NEW YORK/WASHINGTON - U.S. banks have been told to keep quiet for now about results of a sweeping regulatory checkup into their health, raising questions about whether investors are being wrongly kept in the dark.

Government officials have been less than clear about how the results of these stress tests of 19 big banks will be released.

In the meantime, the Treasury Department and Federal Reserve have asked banks not to discuss the exams publicly out of concern that information will trickle out inconsistently and create market chaos, according to a source familiar with the talks between the government and the banks.

But some experts complain there is too much secrecy surrounding the tests, which are designed to determine whether the banks would be able to weather a steeper economic downturn.

They say banks should release results as they learn them, because anything else goes against traditional disclosure rules that govern what companies must tell investors.

For 75 years, we have had a regulatory philosophy that investors need information, said Robert Hillman, a securities law professor at the University of California at Davis. We are now turning that on its head, and saying investors won't know how to use information they do get.

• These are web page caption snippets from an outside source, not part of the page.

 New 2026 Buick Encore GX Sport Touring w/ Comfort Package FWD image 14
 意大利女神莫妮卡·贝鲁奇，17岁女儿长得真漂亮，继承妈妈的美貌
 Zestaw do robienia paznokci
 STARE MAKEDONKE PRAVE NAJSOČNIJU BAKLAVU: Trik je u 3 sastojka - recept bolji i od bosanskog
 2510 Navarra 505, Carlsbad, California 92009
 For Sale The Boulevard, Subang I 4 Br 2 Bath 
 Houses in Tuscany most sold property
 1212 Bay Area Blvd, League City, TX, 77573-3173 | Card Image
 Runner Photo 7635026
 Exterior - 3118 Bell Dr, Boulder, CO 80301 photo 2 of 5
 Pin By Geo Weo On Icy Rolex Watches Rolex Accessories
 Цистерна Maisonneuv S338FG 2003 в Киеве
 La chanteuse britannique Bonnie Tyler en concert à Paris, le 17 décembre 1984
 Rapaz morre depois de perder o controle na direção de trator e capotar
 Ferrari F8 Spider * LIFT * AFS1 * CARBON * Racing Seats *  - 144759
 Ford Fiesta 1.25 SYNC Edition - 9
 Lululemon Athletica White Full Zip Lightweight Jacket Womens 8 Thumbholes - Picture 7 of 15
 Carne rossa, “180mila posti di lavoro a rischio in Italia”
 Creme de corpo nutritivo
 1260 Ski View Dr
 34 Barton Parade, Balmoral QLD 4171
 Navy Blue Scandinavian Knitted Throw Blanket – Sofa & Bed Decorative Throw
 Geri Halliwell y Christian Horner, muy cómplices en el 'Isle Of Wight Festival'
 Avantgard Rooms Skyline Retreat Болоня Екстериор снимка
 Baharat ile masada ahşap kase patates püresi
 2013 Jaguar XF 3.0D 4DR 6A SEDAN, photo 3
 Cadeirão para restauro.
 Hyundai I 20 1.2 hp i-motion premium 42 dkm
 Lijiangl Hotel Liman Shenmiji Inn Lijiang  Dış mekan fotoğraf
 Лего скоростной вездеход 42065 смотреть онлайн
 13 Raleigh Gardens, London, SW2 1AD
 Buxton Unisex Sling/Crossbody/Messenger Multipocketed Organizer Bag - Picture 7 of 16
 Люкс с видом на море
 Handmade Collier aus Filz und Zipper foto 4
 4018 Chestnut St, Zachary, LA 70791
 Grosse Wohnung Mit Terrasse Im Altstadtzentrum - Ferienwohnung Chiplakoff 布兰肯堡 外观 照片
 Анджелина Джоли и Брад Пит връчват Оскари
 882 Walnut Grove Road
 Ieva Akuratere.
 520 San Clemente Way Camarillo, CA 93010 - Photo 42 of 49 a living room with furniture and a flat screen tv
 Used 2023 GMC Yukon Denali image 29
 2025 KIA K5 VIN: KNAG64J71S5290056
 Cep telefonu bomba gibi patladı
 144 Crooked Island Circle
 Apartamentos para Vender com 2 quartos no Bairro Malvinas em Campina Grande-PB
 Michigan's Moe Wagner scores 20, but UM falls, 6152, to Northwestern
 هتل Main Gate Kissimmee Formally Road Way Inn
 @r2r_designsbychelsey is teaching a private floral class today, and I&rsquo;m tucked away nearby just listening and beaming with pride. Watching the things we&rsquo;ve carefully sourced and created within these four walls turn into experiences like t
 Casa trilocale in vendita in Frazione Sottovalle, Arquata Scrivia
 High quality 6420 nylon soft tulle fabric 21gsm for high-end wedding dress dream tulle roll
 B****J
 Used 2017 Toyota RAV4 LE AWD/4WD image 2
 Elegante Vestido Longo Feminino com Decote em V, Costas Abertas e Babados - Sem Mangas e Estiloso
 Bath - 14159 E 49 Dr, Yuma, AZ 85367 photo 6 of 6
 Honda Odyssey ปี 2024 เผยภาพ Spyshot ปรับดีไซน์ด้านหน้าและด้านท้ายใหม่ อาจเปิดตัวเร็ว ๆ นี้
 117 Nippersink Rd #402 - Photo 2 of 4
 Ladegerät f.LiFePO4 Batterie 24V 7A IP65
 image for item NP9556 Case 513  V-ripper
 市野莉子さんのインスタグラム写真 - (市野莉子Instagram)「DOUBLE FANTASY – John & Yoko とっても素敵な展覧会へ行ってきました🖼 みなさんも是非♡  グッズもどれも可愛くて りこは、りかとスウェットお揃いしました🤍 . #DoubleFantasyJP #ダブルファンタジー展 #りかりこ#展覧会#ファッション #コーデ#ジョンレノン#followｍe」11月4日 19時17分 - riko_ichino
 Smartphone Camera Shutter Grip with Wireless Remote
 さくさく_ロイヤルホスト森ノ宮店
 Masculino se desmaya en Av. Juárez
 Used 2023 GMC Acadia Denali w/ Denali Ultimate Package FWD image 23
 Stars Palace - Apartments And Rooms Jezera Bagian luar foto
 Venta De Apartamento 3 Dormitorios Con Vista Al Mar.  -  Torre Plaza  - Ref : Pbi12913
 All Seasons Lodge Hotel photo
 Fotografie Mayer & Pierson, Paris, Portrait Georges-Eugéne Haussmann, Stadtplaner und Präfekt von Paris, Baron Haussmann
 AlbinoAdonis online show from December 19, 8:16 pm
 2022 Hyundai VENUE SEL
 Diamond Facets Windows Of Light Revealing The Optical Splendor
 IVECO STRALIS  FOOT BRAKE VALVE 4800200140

Banks are getting mixed messages from regulators about whether the stress tests should be considered a bank examination, which is not permitted to be disclosed, or a material event, which triggers a disclosure requirement, according to an industry source.

A material event typically is something sufficiently important that a reasonable investor would want to know about it, said Jill Fisch, a law professor at the University of Pennsylvania who specializes in securities issues.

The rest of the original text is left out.